Take this recent story by the Beacon on Proposition A, the 1/2 of 1 percent sales tax increase needed to preserve and expand public transportation in St. Louis. The article begins with a focus on the pro-transit campaign, and then shifts to an interview with John Burns, whom I've profiled here, about opposition to the campaign. The author writes:
A major sore point for Citizens for Better Transit [the tea party group opposed to Prop A] is Washington University, which it alleges gets thousands of passes for its students and staff at a greatly reduced price.She then included the response from Chancellor Mark Wrighton, who pointed out that the university is simply using a program at Metro that offers a reduced rate to any institution that buys in bulk. So the idea that Washington University is getting a "special deal" is ridiculous. This is nothing more than the fact that groups that buy in bulk get stuff at cheaper rates.
Yet, the author then goes back to quote another Metro critic, Tom Sullivan, as follows:
They don't have the deficit they're claiming and they're spending money on things they shouldn't be like subsidies for Washington University.
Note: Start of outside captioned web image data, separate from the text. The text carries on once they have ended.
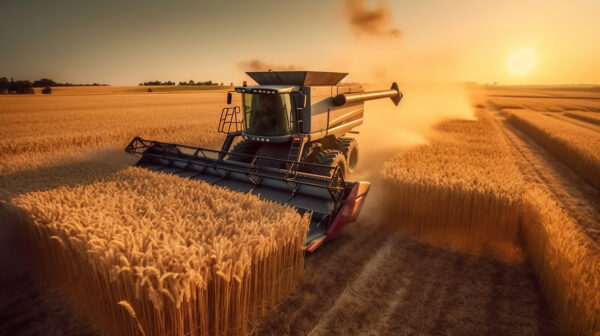 części-case-ih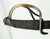 US CIVIL WAR CONFEDERATE CAVALRY M1840 SABER OF J.F.MOFFATT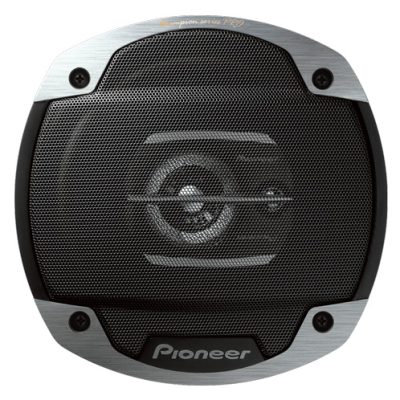 قیمت باند گرد پايونير TS-1675V3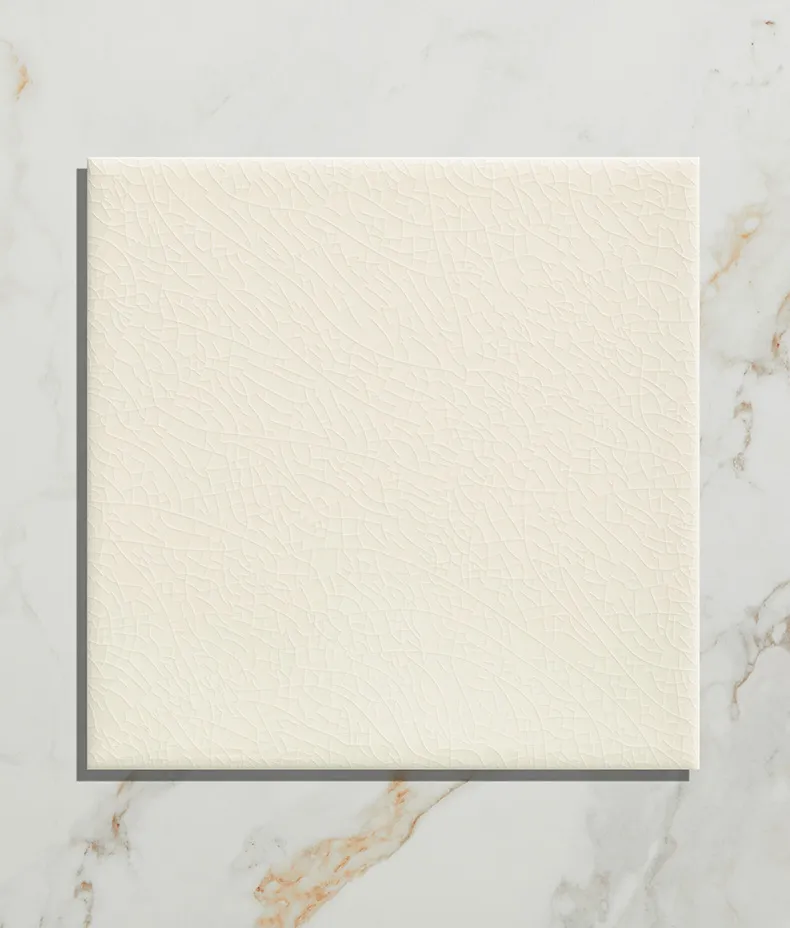 victorian style-wall-square-antique-white4_3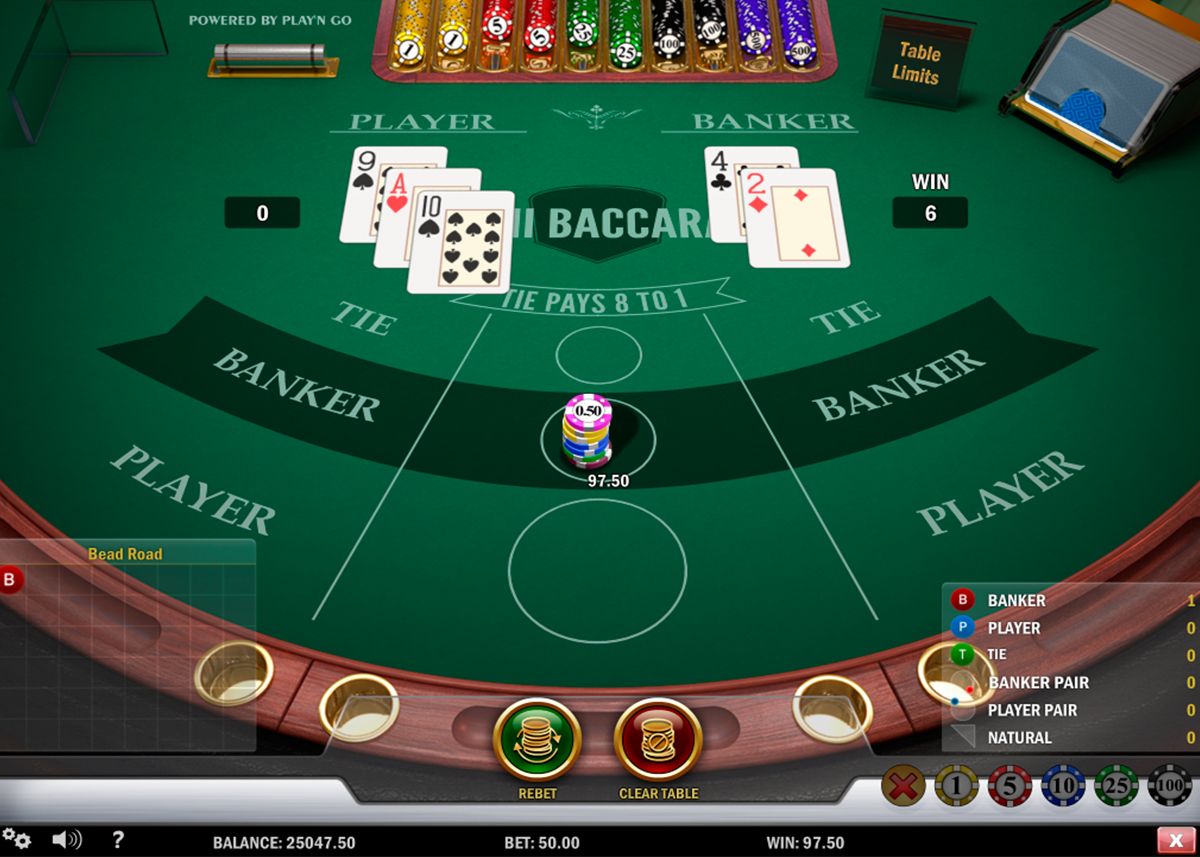 Waliya Sports Betting Welcome Bonus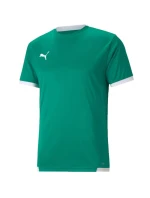 Puma teamLiga Jersey M 704917 05 pánské Puma teamLiga Jersey M 704917 05 pánské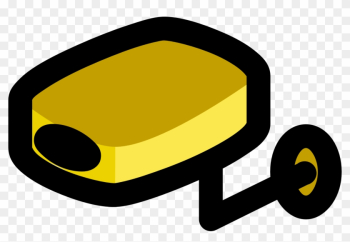 Free Video Camera - Video Camera Clip Art Free Video Camera - Video Camera Clip Art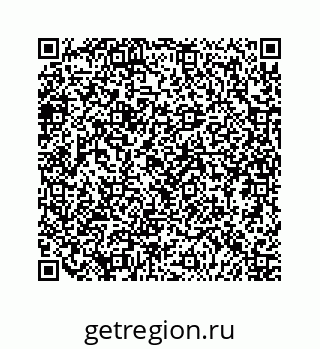 79124188317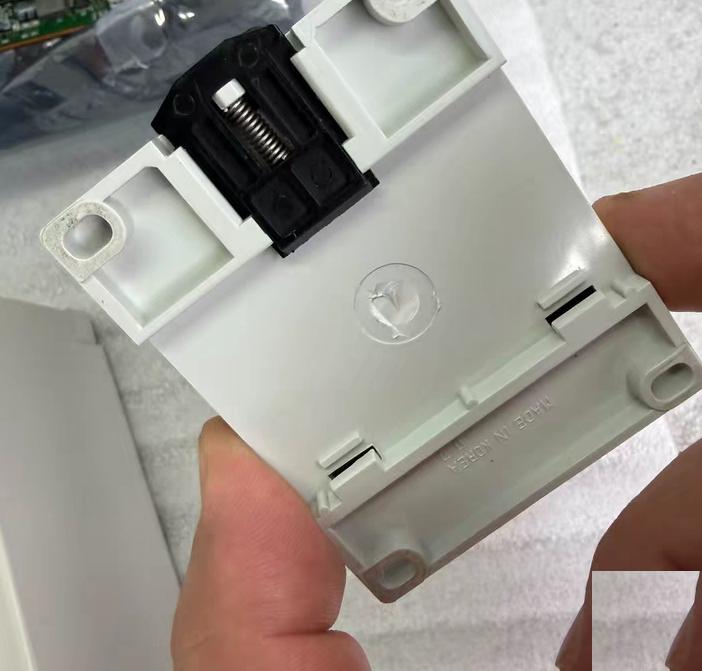 DAE JOO DT-1A-A1AC AC 0-5ADT-1V-A1AA AC 0-150vDT-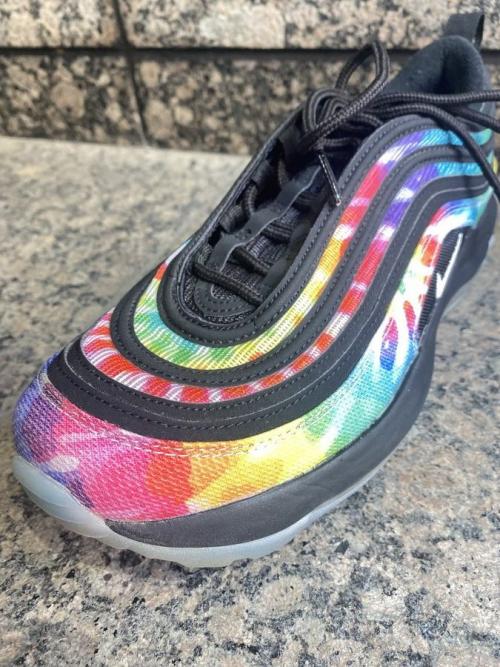 トレファクスタイル新小岩店ブログ画像５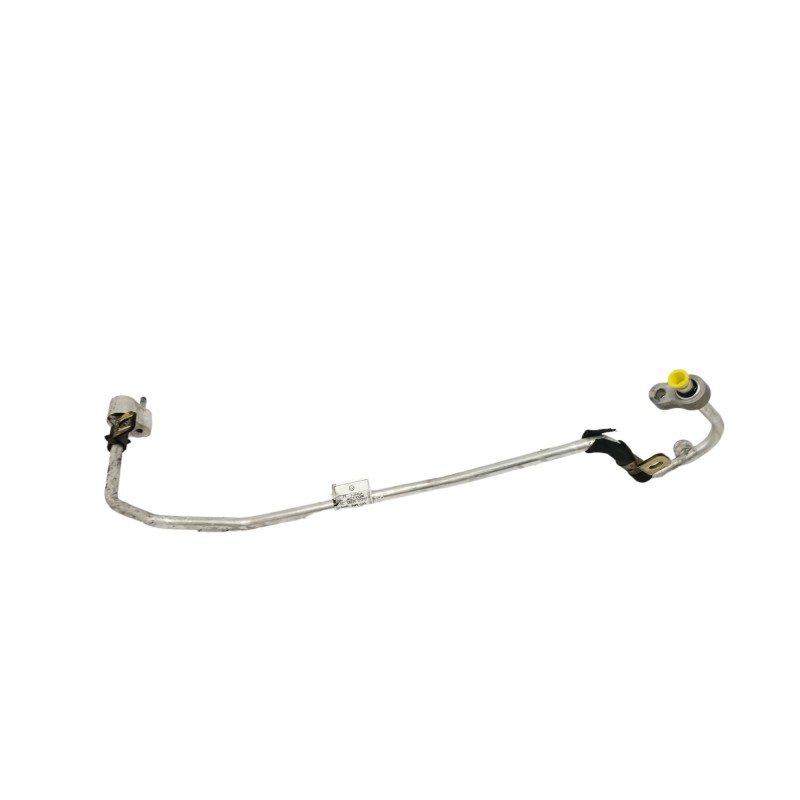 Recambio de tubos aire acondicionado para ssangyong actyon 2.0 td cat referencia OEM IAM 6863031012  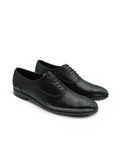 Royale Leather Men’s Formal Shoes-9116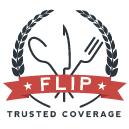 FLIP Insurance Seal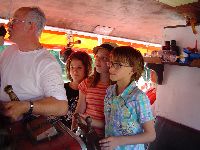 dsc02804.jpg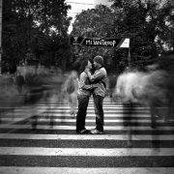 Philip Meyers's photo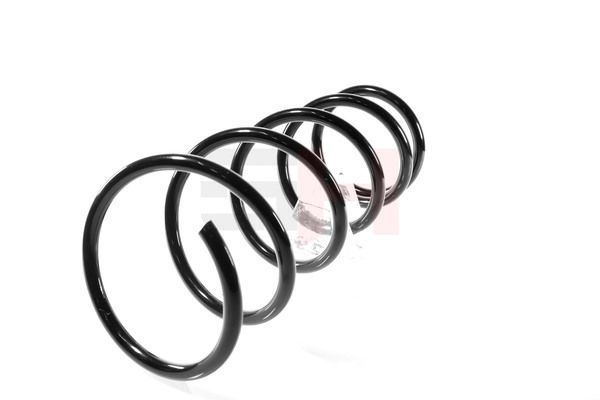 GH GH-205242 Suspension Spring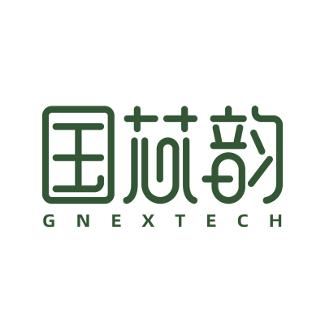 国芯韵服务器定制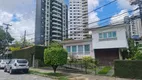 Foto 28 de Casa com 5 Quartos à venda, 742m² em Poço, Recife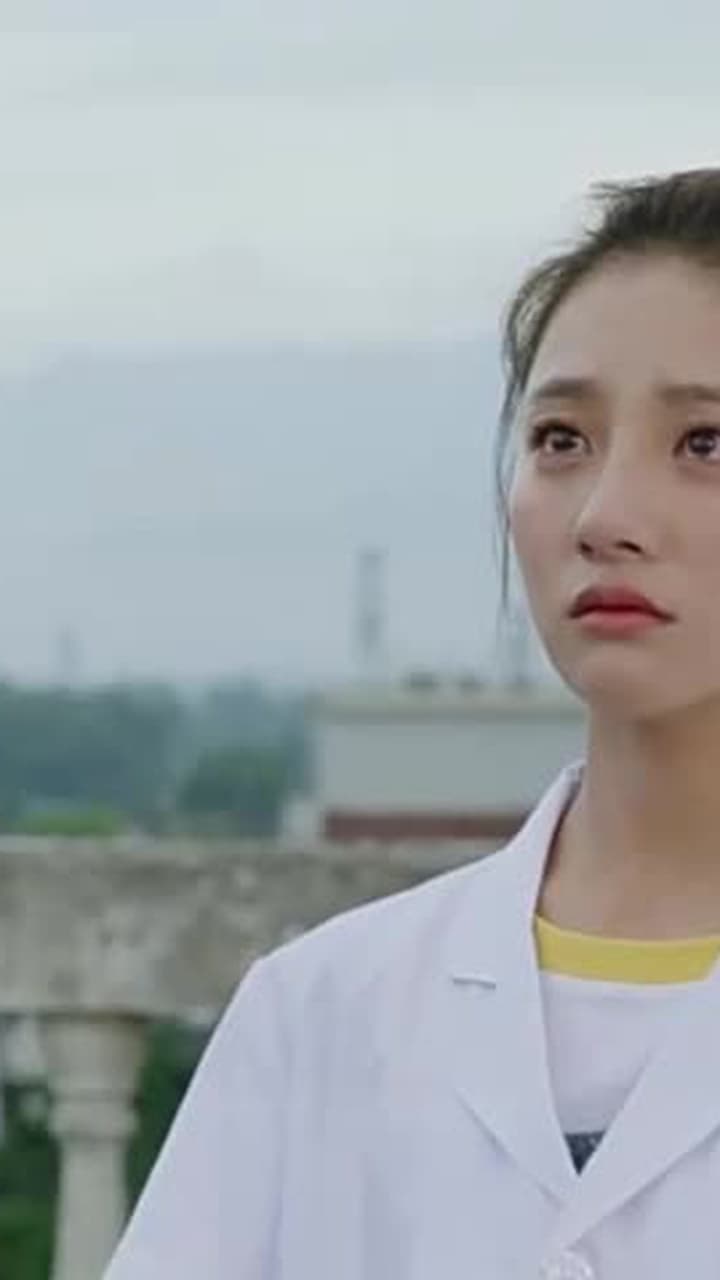 My Secret Crush From High‑School - Episode 72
Here's what makes no sense. Why present this as a "person 1 said A, person 2 said not A" type of issue? There is a simple fact to the matter. All the reporter (Kathie Sutin) would need to do to answer the question is simply to ask Metro if this deal is available to other businesses.
Given that there is a fact to the matter, what possible value is there in simply presenting quotes from both sides? Beacon readers would be more informed on the issue if reality was plainly stated. By presenting the issue as something questionable, the Beacon is actually presenting a story that is not objective, because it is presenting information as questionable that is in fact true, and does so to the advantage of an anti-transit campaign that is working hard to misinform voters.
It's time to do away with the notion of "objectivity" that thinks that the way to be unbiased is to simply present two sides of the issues, even when there are clear, verifiable facts available (it's also worth noting that the way the media chooses the two "sides" is itself biased; the far right's opinion will always be included, but people to the left of the Democratic Party will generally be completely excluded from conversation). The anti-transit group's talking point that Wash U is getting a special deal is simply false, and the media needs to start working harder to inform their readers of basic facts like this.